Paylaş
Eşi benzeri zor bulunur bir aşktı onlarınki...
Şartsız şurtsuz, hesapsız kitapsız...
İçten, yürekten...
Gülriz ile Engin!
Tam 56 yıldır sevgiliydiler...
Büyük mutluluklardan, büyük acılardan geçtiler...
Son 40 yılı geceli gündüzlü hiç ayrılmadan yaşadılar.
Ve geçenlerde tiyatronun gelmiş geçmiş en büyük devlerinden Gülriz Sururi, tiyatronun efsane ustalarından Engin Cezzar’ını kaybetti.
Doktor, “Öldü” dediğinde eli Gülriz’in avcunun içindeydi.
Aslında, sadece o an değil, hep Gülriz’in kalbinin içindeydi. Bir an bile ayrılmamacasına...
Felç geçirmişti Engin Cezzar, konuşamıyordu ama onlar kendilerine o halde bile mükemmel bir ortak dünya yarattılar.
Hayatın onlardan aldığına kafa tuttular ve sadece seslerden oluşan yeni bir dil icat ettiler; aşkın dilini...
Ve Gülriz Sururi kaybettiği aşkını nasıl unutmayacağını anlattı, buyurun buradan okuyun!
Başınız sağ olsun! Hepimiz çok üzüldük, 56 yıllık aşkınız Engin Cezzar’ı kaybettiniz. Nasıl oldu?
- Teşekkür ederim. Başım sağ ama bu neye yarar bilmiyorum. 1960’tan beri birlikteydik Engin’le. Sadece aşkım değil, her şeyimdi. Diğer yarımı kaybetmiş gibiyim...
Tam olarak nasıl oldu? Hastaneye mi kaldırıldı?
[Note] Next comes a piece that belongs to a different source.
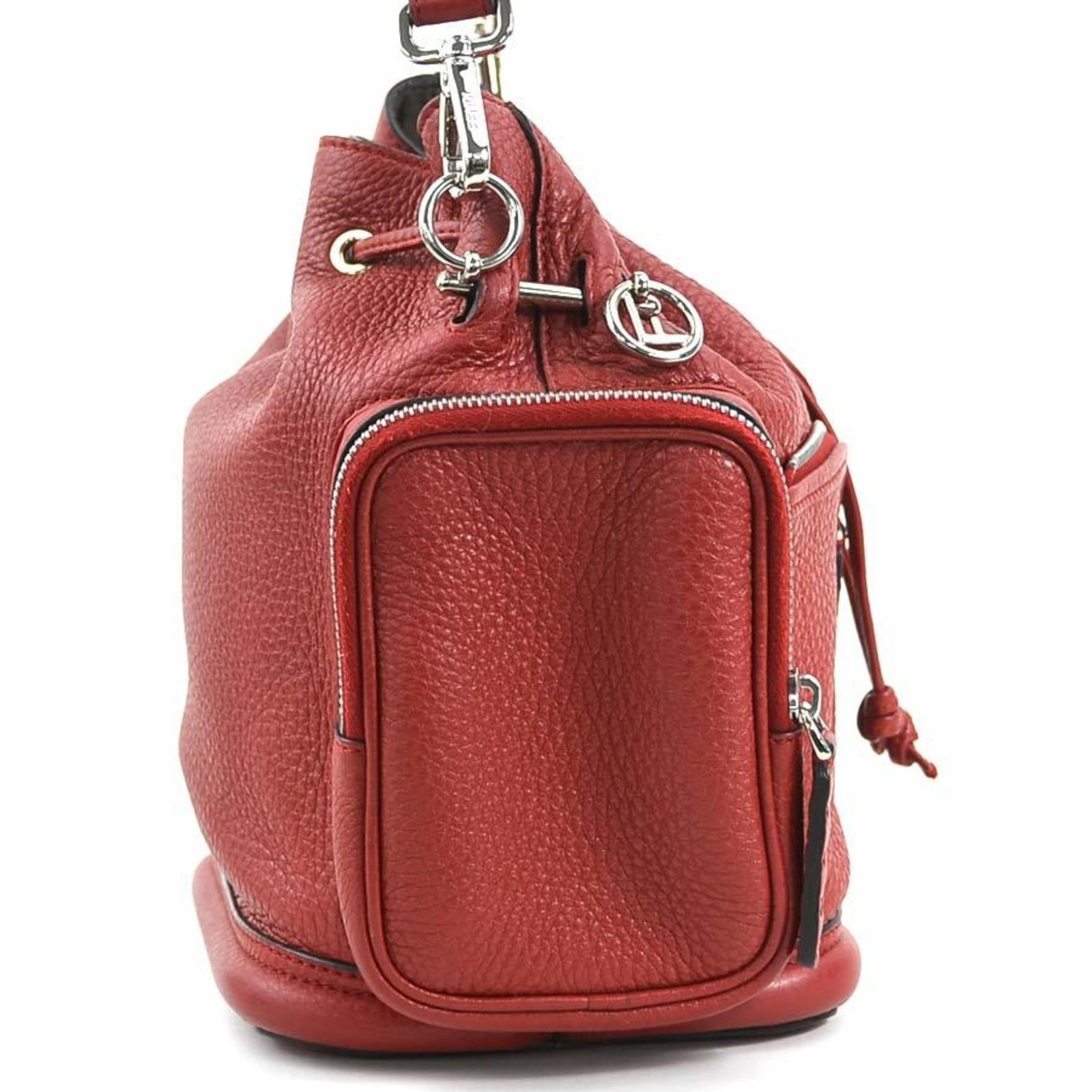 Shoulder Bag Leather - 2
- Engin’in hep bir kalp sorunu vardı. 2000’den beri ameliyatlar, piller-miller, stent’ler. Zorlu bir dönem yaşadı. Derken felç indi, konuşamamaya başladı. Yine de, her şeye rağmen birlikte güzel bir hayat yaşadık. Evet, pek çok zorluk atlattık ama hep hayatı eskisi gibi neşeyle yaşamaya çalışan, dünyanın keyfini çıkarmaya uğraşan insanlardık. Ama Engin inattır, sonunda ilaçlarını almak istemedi.
Neden?
- Öyle. Öteden beri ilaca karşı. Felci de o yüzden geçirdi. Kalp ilaçlarını almak istemediği için. İlaçları, yatakların altından, buzdolaplarından, bilmem nerelerden topluyorduk.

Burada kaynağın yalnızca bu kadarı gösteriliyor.